▶ _YOUR ASSIGNMENT_:
From the records below, output exactly the lines starting at the line with "Modern Yosemite Cabin, 15Min" and ending at the line with "dětský pokoj - Prodej", both of them included, but no pictures.

Segment Start: MATERIAL SUPPLIED

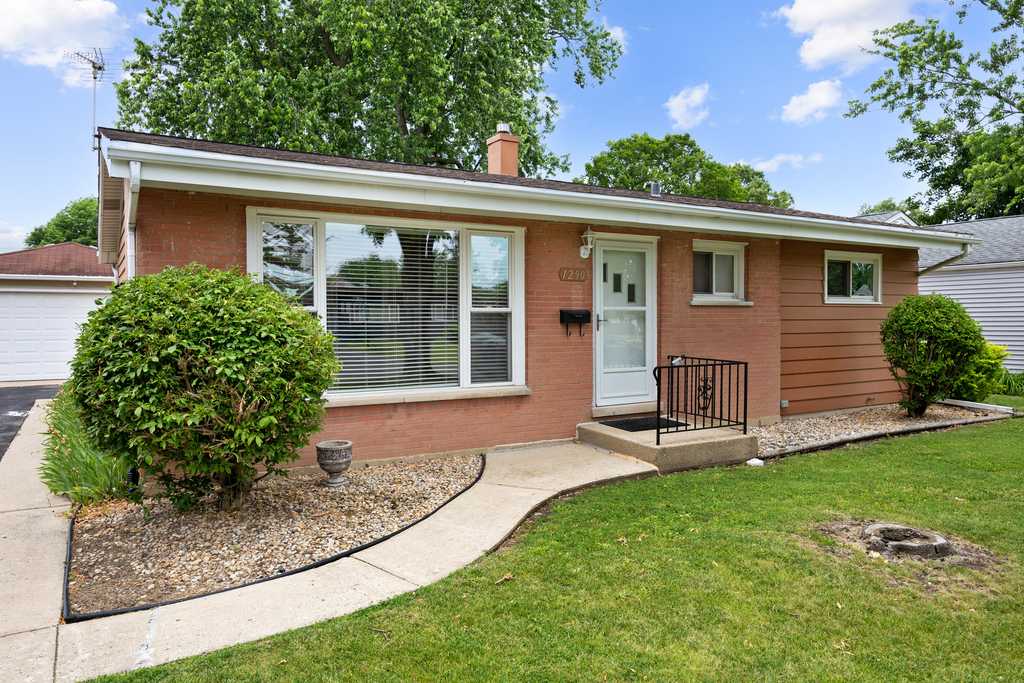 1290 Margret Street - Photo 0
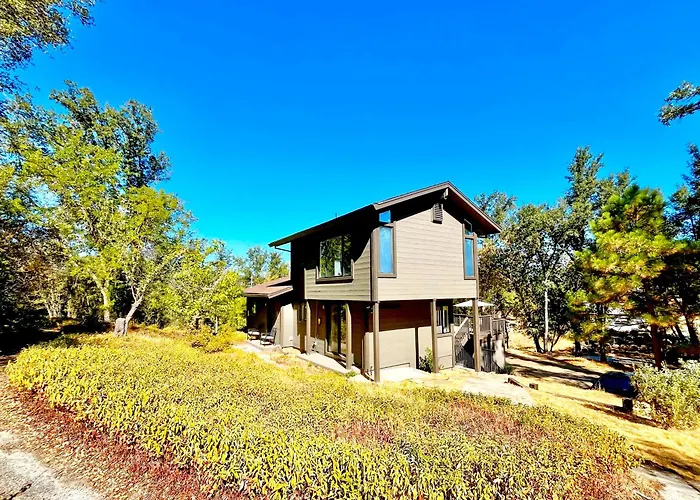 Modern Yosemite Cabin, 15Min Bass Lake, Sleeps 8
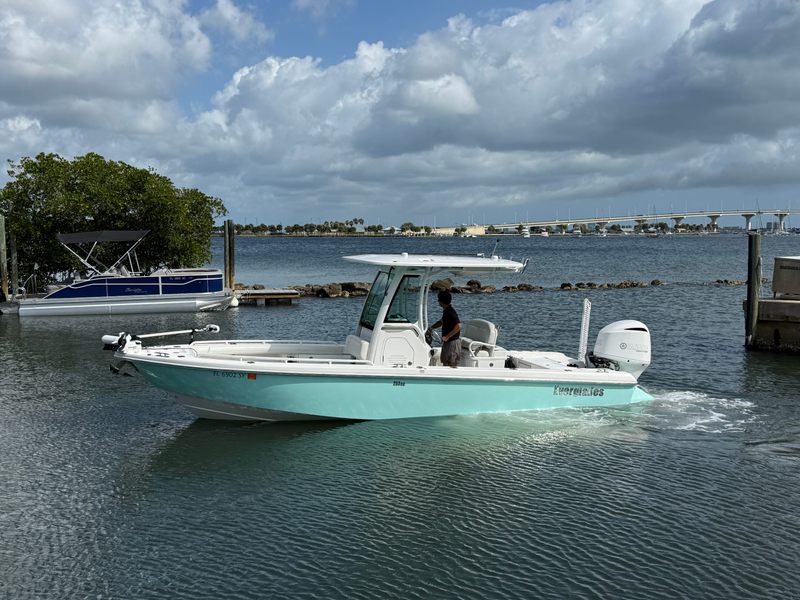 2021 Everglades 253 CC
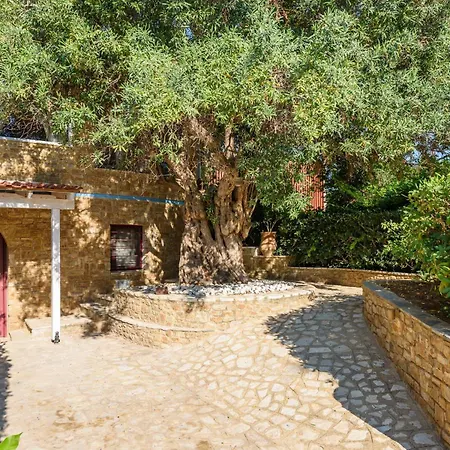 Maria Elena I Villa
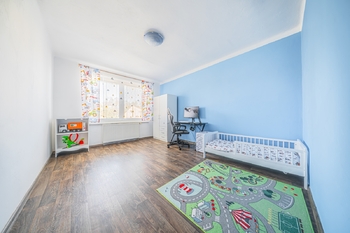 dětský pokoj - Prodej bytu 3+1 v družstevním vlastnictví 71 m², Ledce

Segment End: MATERIAL SUPPLIED
Segment Start: MATERIAL SUPPLIED

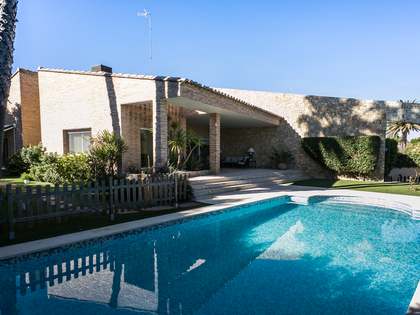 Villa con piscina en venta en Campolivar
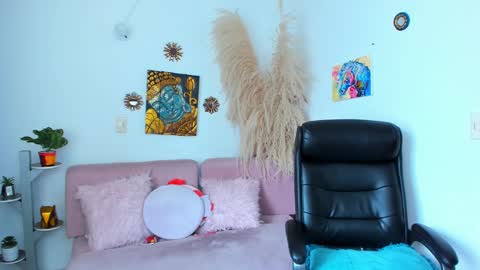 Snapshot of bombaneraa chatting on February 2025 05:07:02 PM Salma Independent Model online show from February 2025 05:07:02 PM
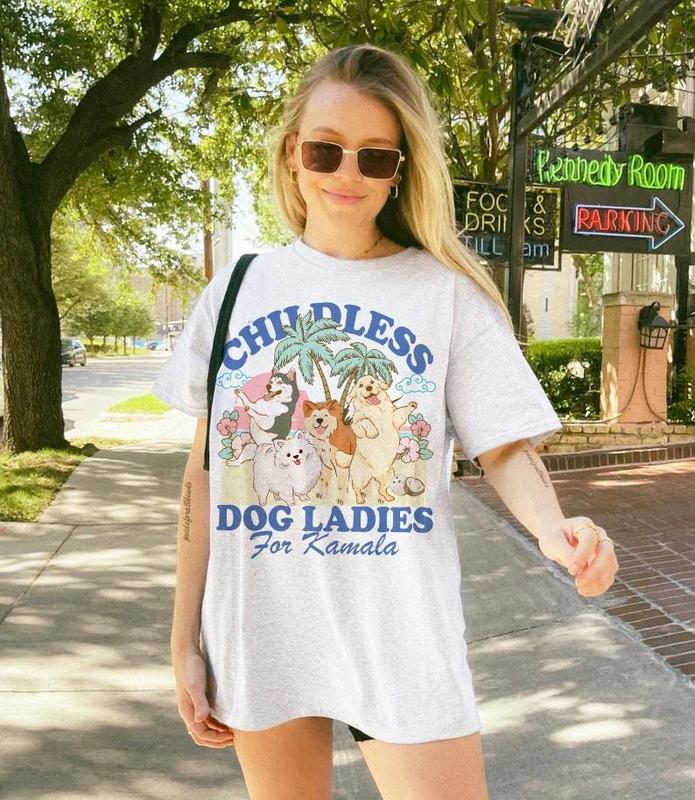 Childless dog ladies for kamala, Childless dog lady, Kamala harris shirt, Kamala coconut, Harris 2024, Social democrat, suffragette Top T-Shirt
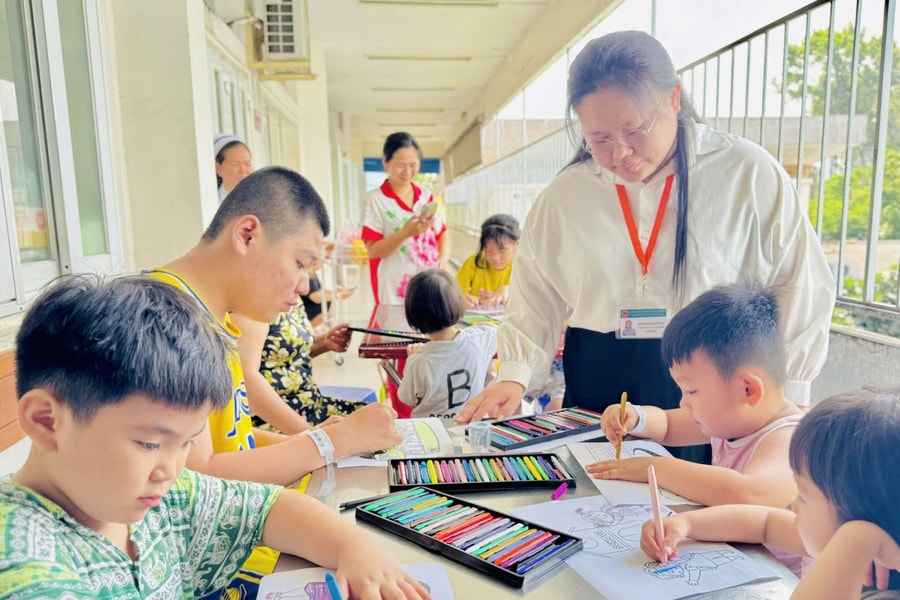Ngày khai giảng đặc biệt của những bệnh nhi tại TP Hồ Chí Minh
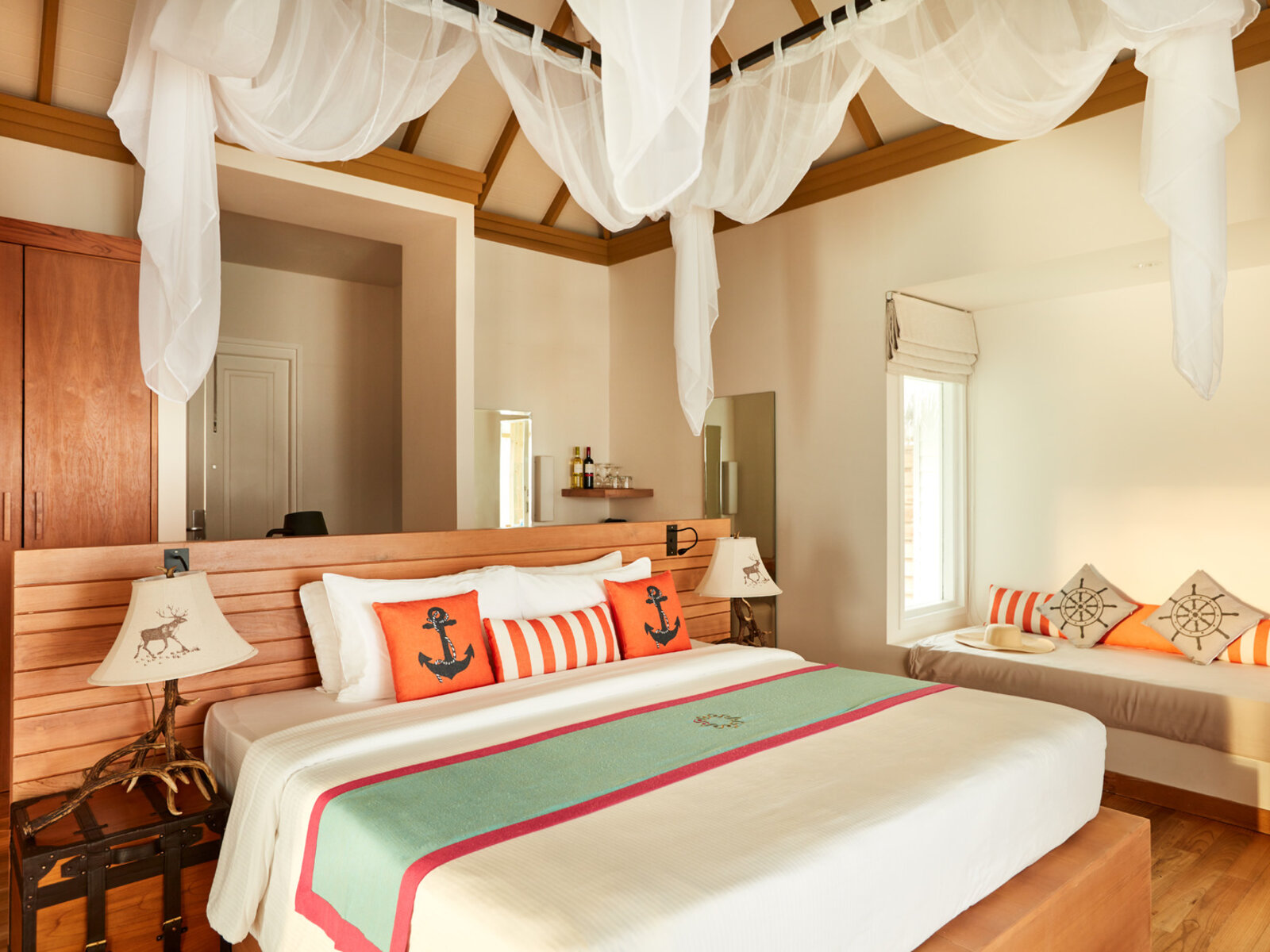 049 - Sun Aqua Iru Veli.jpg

Segment End: MATERIAL SUPPLIED
Segment Start: MATERIAL SUPPLIED

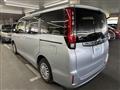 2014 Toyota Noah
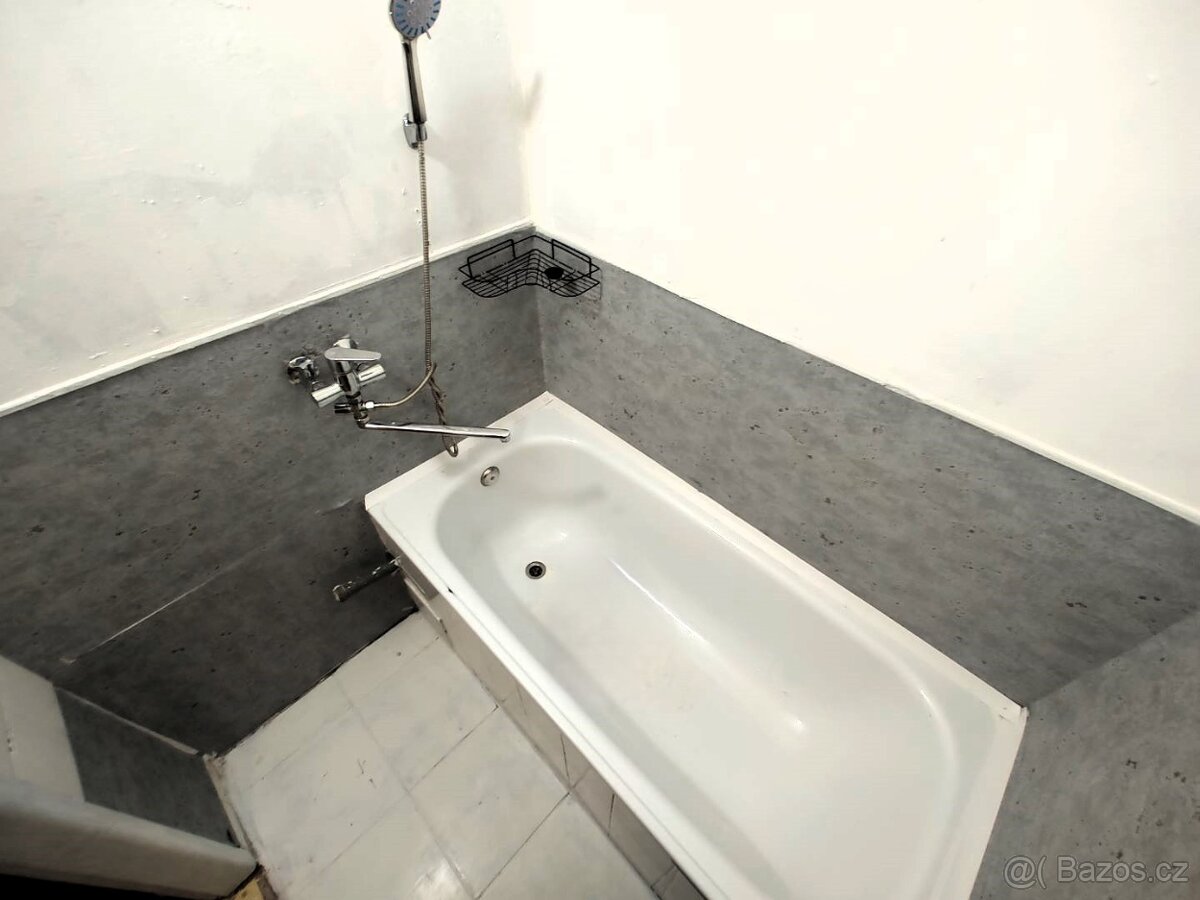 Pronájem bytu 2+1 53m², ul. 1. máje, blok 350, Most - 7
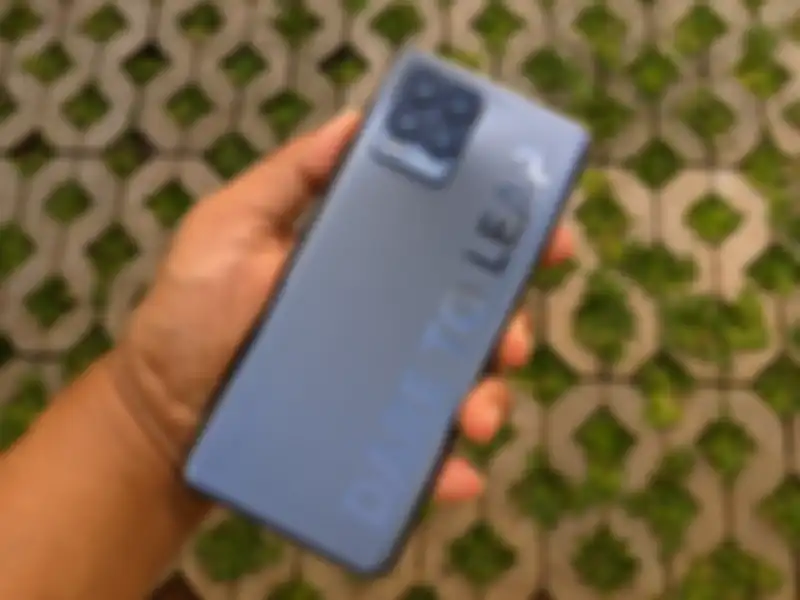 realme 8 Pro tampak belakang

Segment End: MATERIAL SUPPLIED

▶ _TASK RESPONSE_:
 Modern Yosemite Cabin, 15Min Bass Lake, Sleeps 8
 2021 Everglades 253 CC
 Maria Elena I Villa
 dětský pokoj - Prodej bytu 3+1 v družstevním vlastnictví 71 m², Ledce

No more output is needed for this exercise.